Aim of the exercise =>
From the first line to the last, retype everything below exactly, minus the pictures.

Source material =>

━━━━━━━━━━━━━━━━━━━━

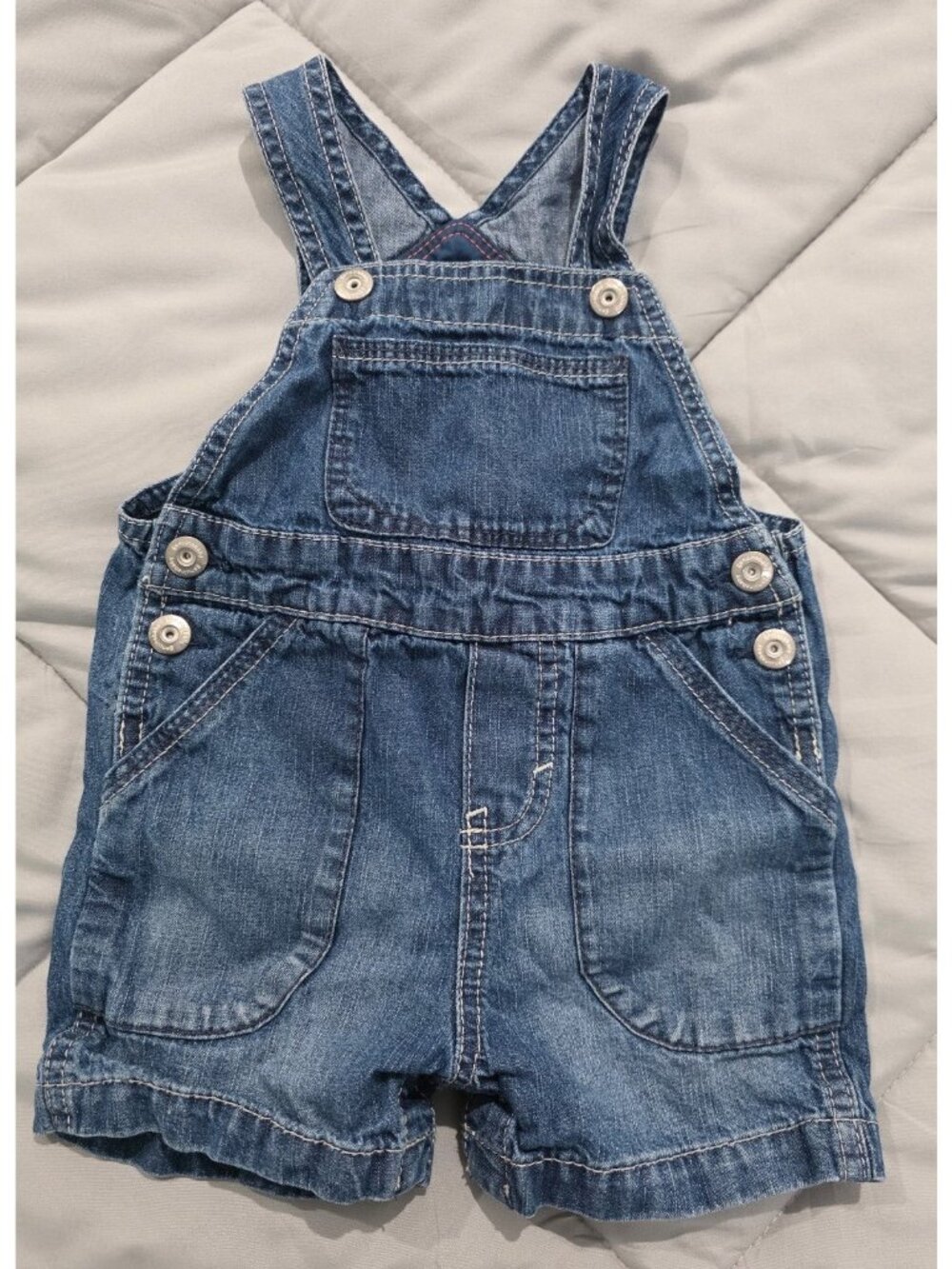 Genuine Baby by OshKosh Denim Short Overalls Size 9M Baby Jean Romper Unisex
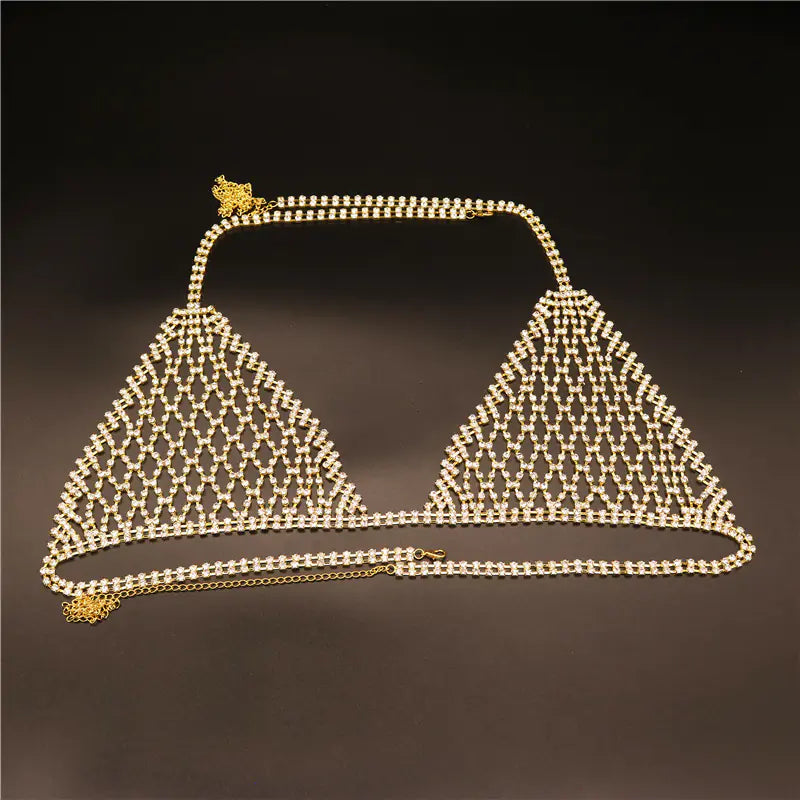 Exaggerated Rhinestone Body Chain Bikini Set - Lingerie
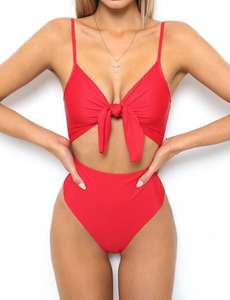 DS Bow Knot Blanc Natation Wading Sports Femme <span class=keywords><strong>Maillot</strong></span> <span class=keywords><strong>de</strong></span> <span class=keywords><strong>bain</strong></span> une pièce <span class=keywords><strong>grande</strong></span> <span class=keywords><strong>taille</strong></span> conservateur - Product Image 2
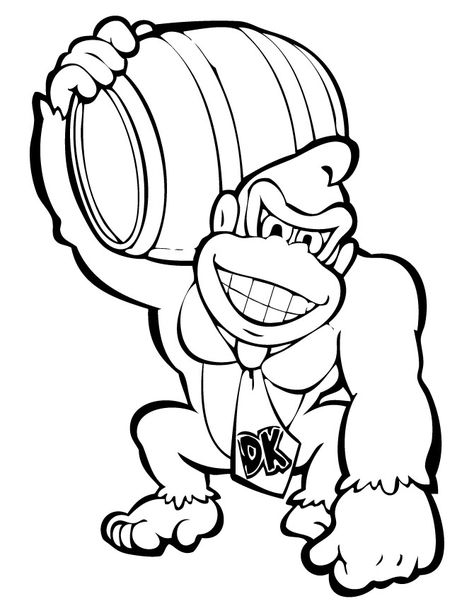 Donkey Kong Donkey Kong Party, Super Mario Coloring Pages, Diddy Kong, Mario Coloring Pages, Cartoon Coloring Pages, Clipart Black And White, Donkey Kong, Coloring Pages To Print, King Kong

━━━━━━━━━━━━━━━━━━━━

Task output =>
 Genuine Baby by OshKosh Denim Short Overalls Size 9M Baby Jean Romper Unisex
 Exaggerated Rhinestone Body Chain Bikini Set - Lingerie
 DS Bow Knot Blanc Natation Wading Sports Femme <span class=keywords><strong>Maillot</strong></span> <span class=keywords><strong>de</strong></span> <span class=keywords><strong>bain</strong></span> une pièce <span class=keywords><strong>grande</strong></span> <span class=keywords><strong>taille</strong></span> conservateur - Product Image 2
 Donkey Kong Donkey Kong Party, Super Mario Coloring Pages, Diddy Kong, Mario Coloring Pages, Cartoon Coloring Pages, Clipart Black And White, Donkey Kong, Coloring Pages To Print, King Kong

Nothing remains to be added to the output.